### [What the exercise asks]
Please write out only the lines from the line with "100 Days of" to the line with "Marks and Spencer", inclusive, exactly as they stand below, without the pictures.

### [Data to use]
──────

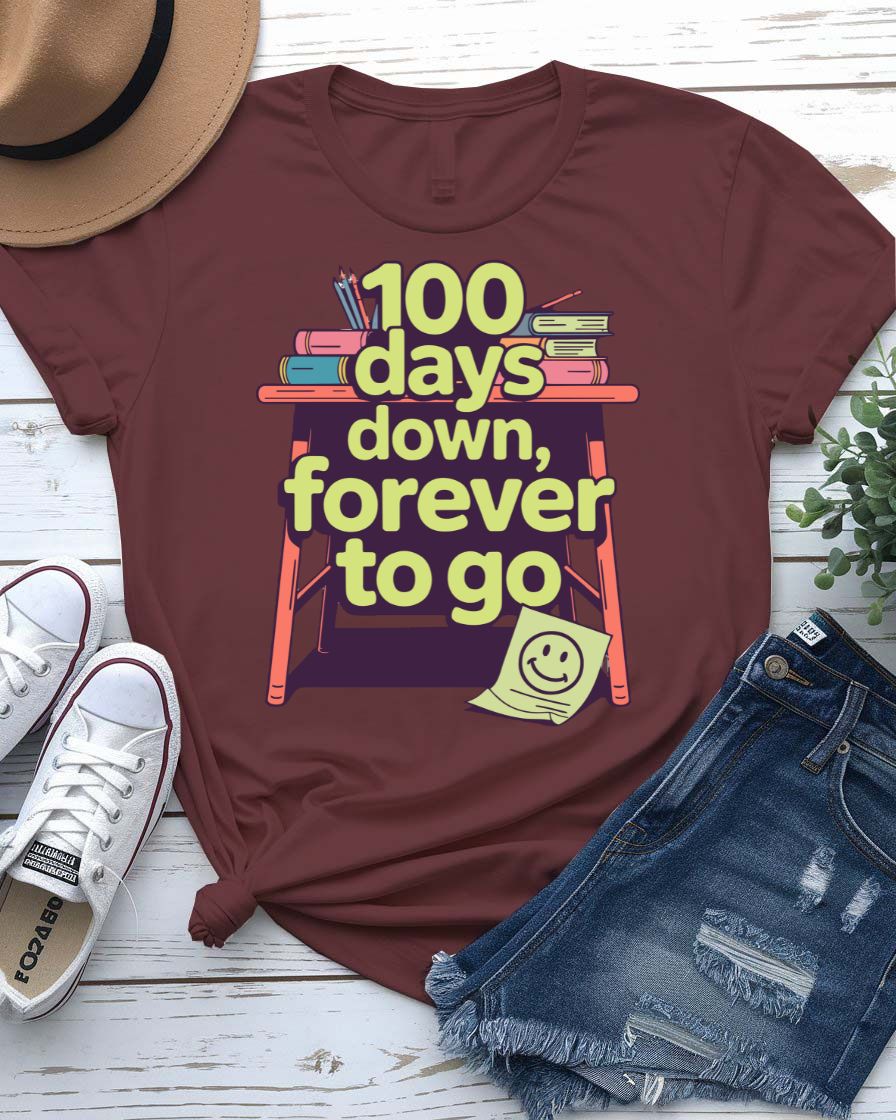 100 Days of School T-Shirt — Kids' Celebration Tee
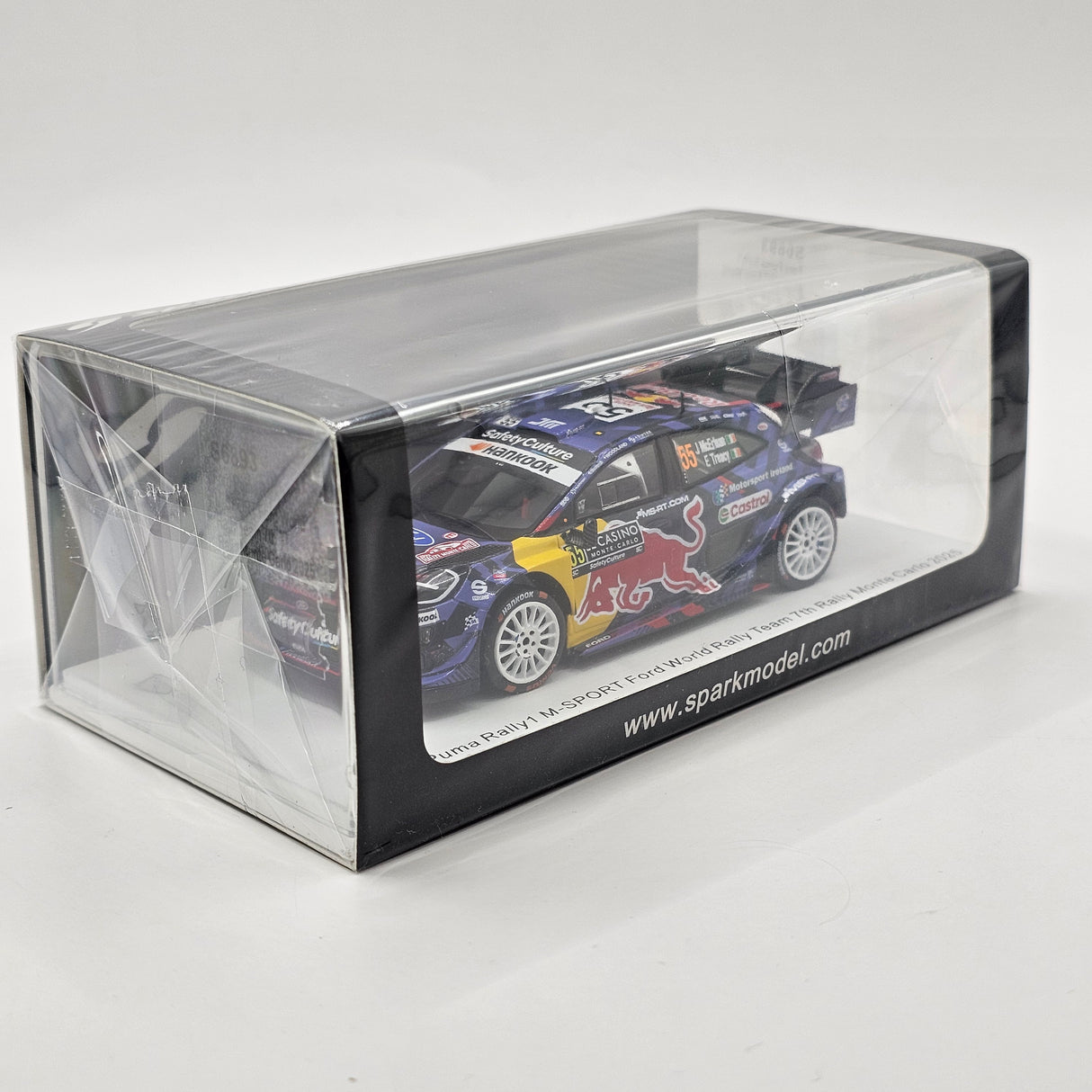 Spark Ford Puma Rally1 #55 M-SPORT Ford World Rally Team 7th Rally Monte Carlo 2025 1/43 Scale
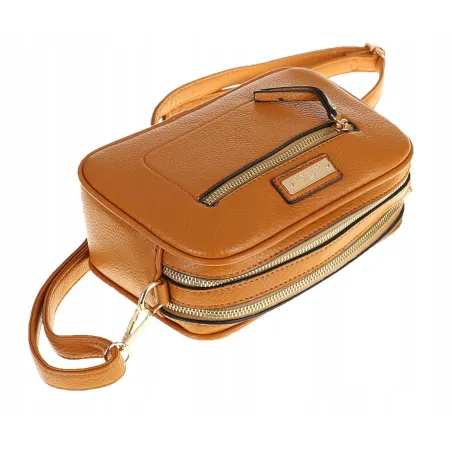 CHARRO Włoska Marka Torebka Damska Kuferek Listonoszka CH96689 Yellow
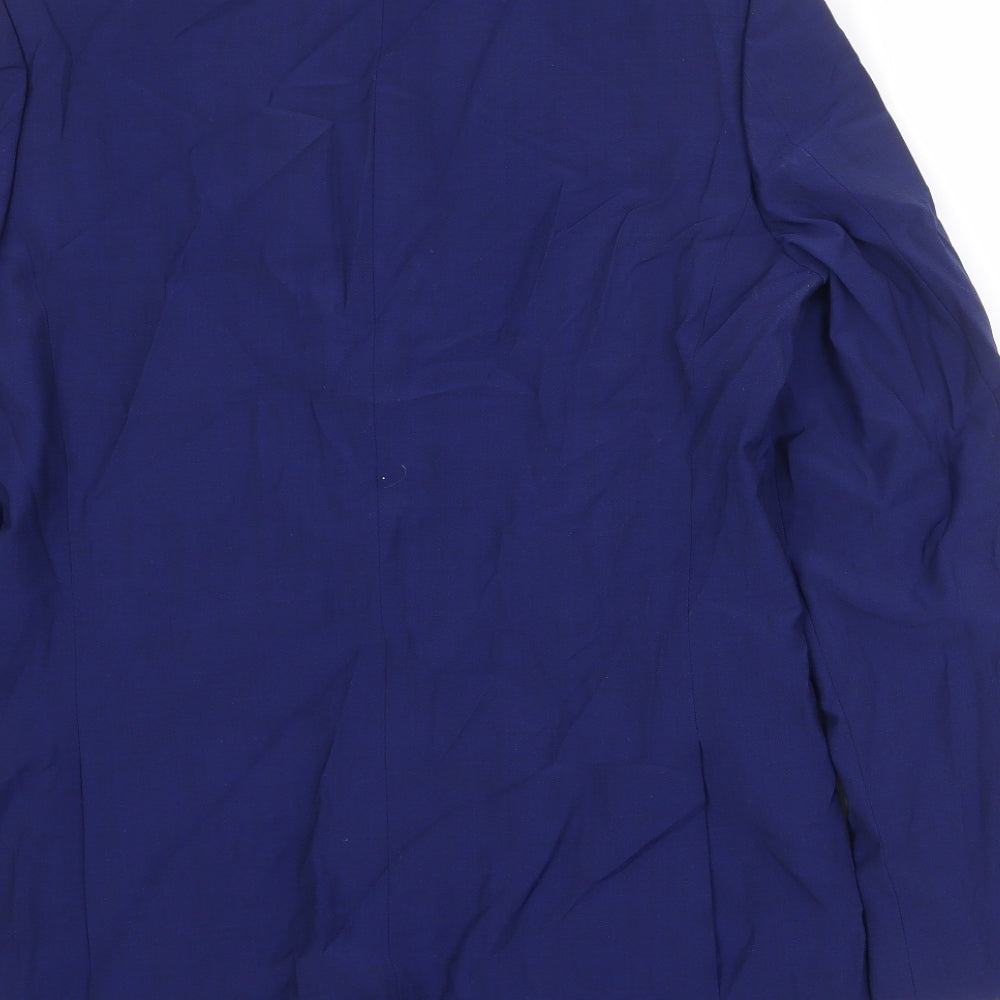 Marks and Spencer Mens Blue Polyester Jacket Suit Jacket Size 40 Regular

──────

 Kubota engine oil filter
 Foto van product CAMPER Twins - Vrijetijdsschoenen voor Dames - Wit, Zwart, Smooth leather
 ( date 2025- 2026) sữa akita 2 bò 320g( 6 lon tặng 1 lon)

──────

### [Answer to the exercise]
 100 Days of School T-Shirt — Kids' Celebration Tee
 Spark Ford Puma Rally1 #55 M-SPORT Ford World Rally Team 7th Rally Monte Carlo 2025 1/43 Scale
 CHARRO Włoska Marka Torebka Damska Kuferek Listonoszka CH96689 Yellow
 Marks and Spencer Mens Blue Polyester Jacket Suit Jacket Size 40 Regular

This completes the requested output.